Outra característica desse tipo é a enzima lactase, que nos possibilita digerir a lactose do leite. Os bebês humanos, assim como os de todas as espécies de mamíferos, possuem a lactase e tomam leite.
Até cerca de 6.000 anos atrás, a maioria dos humanos, assim como todas as outras espécies mamíferas, perdiam a enzima na idade adulta.

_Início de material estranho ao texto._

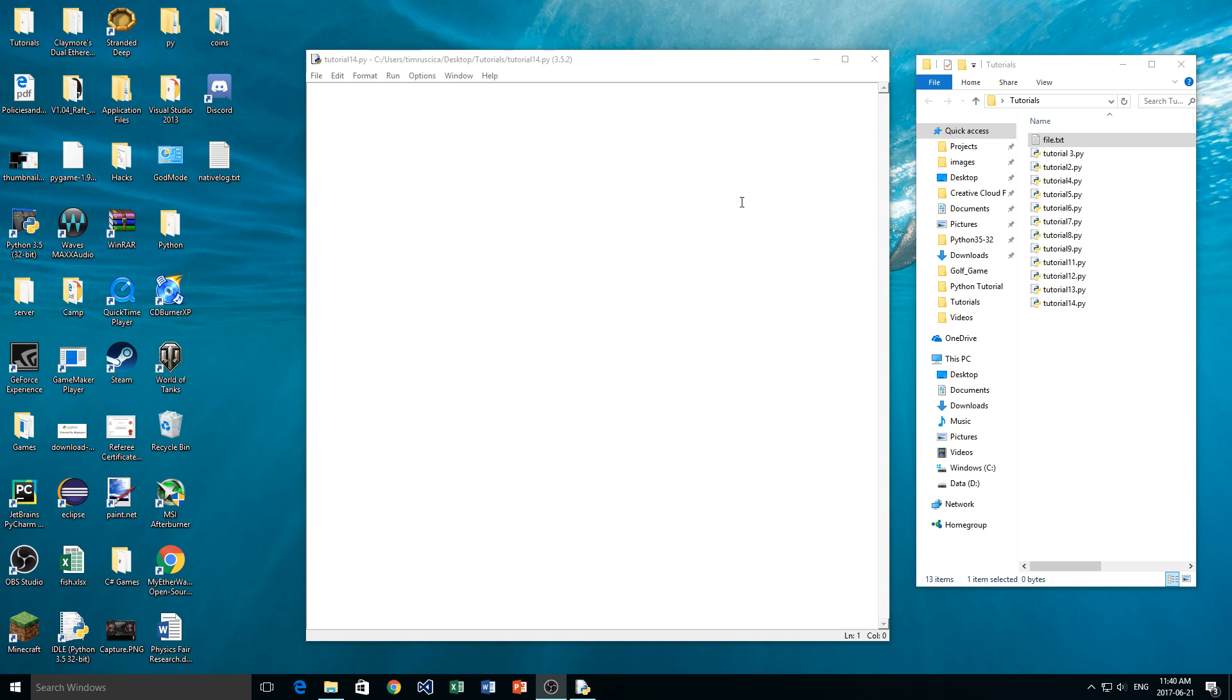Hey guys and welcome back. Today this is the 14th video in my Python programming series and we are going to be talking about writing to a file.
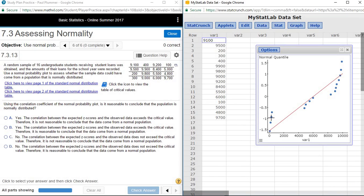Clearly, you can see this one — the points deviate quite a bit from the line. So our conclusion is that this data set is not normal.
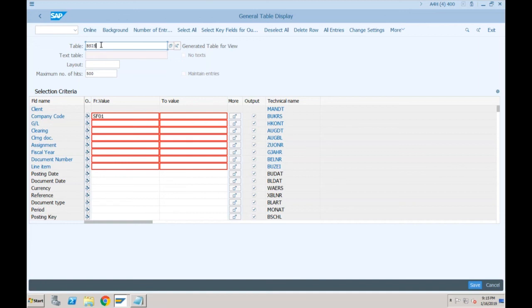These view tables don't store any data physically in the database, but from the reporting point of view they are still available.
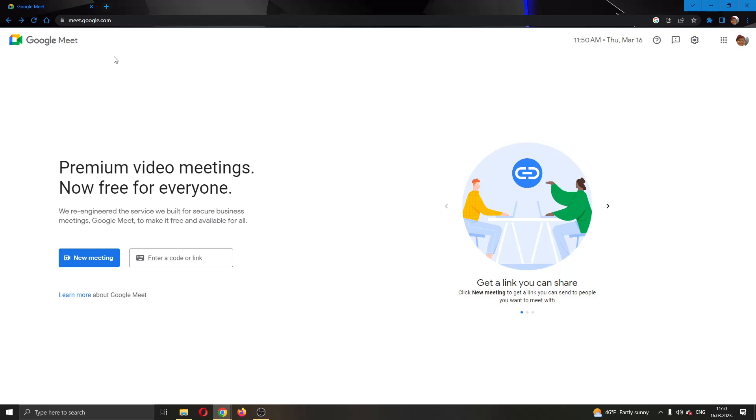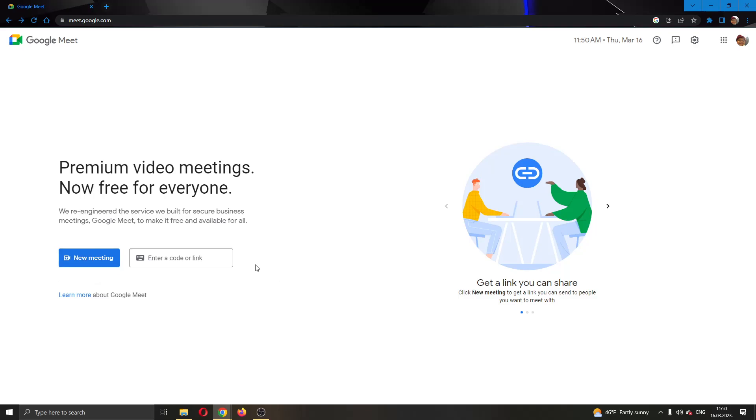The first thing you want to do is go to the official Google Meet website and log into your Google account. After logging in, you'll be greeted by this main page where you can see at the left side of the screen you have multiple options such as creating a new meeting or entering a code or link to join another meeting.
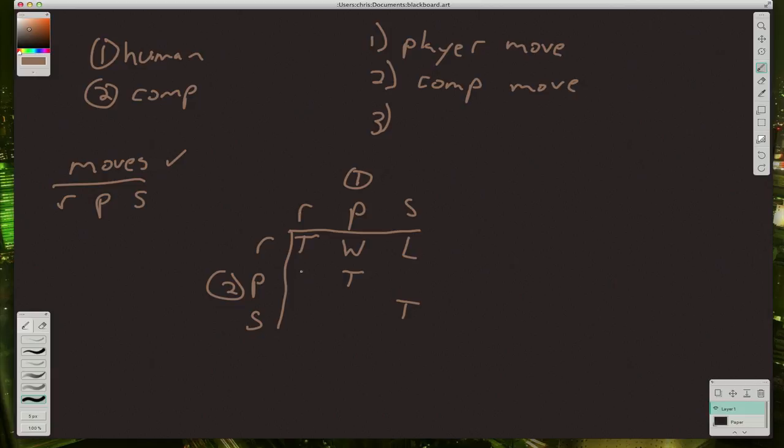Rock versus paper, scissors versus paper, rock versus scissors, and paper versus scissors. So we have nine possible outcomes for the game.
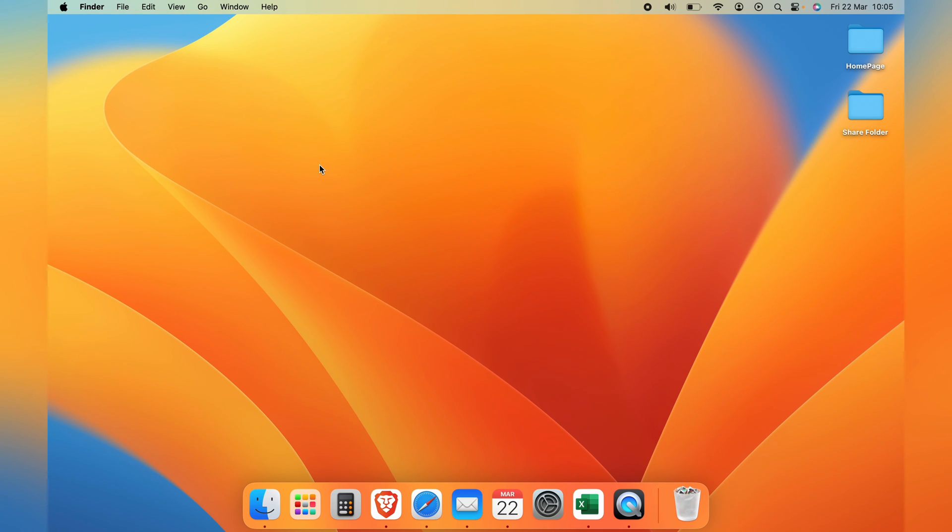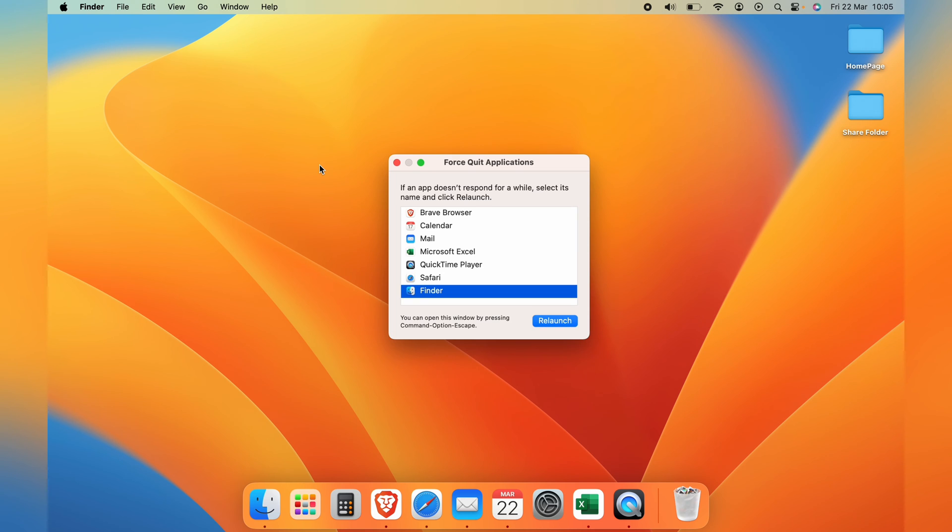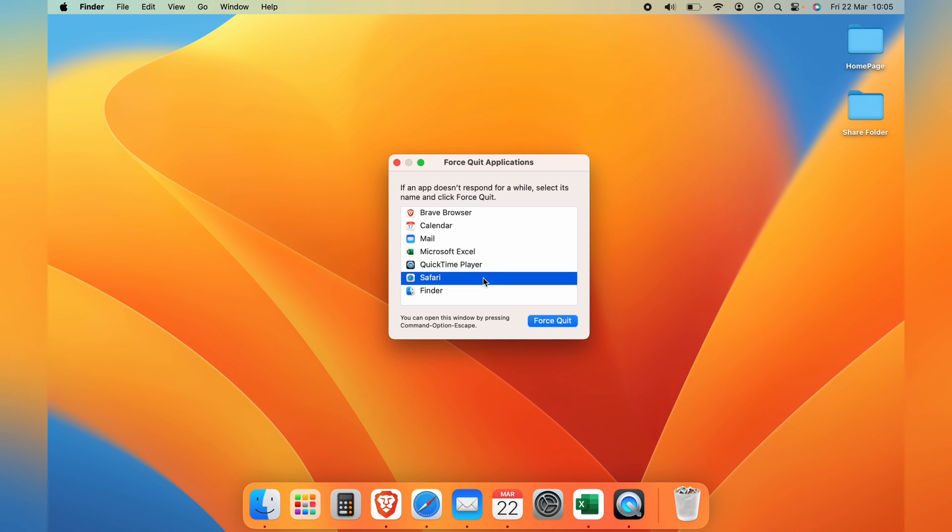But wait, there's more. After solving the error, it's essential to check your software updates. Update the macOS and your applications, as this can often prevent future occurrences of this issue. And there you have it.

A razão óbvia é que ela se tornava desnecessária —nenhum humano ou outro mamífero tomava leite quando adulto.
Mas a partir de mais ou menos 4.000 a.C, o leite fresco obtido de animais domesticados passou a ser um dos principais alimentos dos adultos de algumas populações humanas.
A seleção natural contribuiu para que os indivíduos dessas populações retivessem a lactase na idade adulta. Entre esses povos figuram os europeus do norte e centro, os árabes, os indianos do norte e vários povos negros africanos bebedores de leite, como os fulas da África ocidental.
A presença da lactase em adultos é muito menos comum nas populações do sul da Europa e na maioria das outras populações negras africanas, e também em todas as populações de asiáticos orientais, aborígines australianos e indígenas americanos.
Trata-se de mais um caso em que a definição das raças, segundo sua química corporal, difere de sua definição por cor de pele. Suecos e fulas fazem parte da "raça de lactase positiva", enquanto a maioria dos "negros" africanos, japoneses e índios americanos se agrupam na "raça de lactase negativa".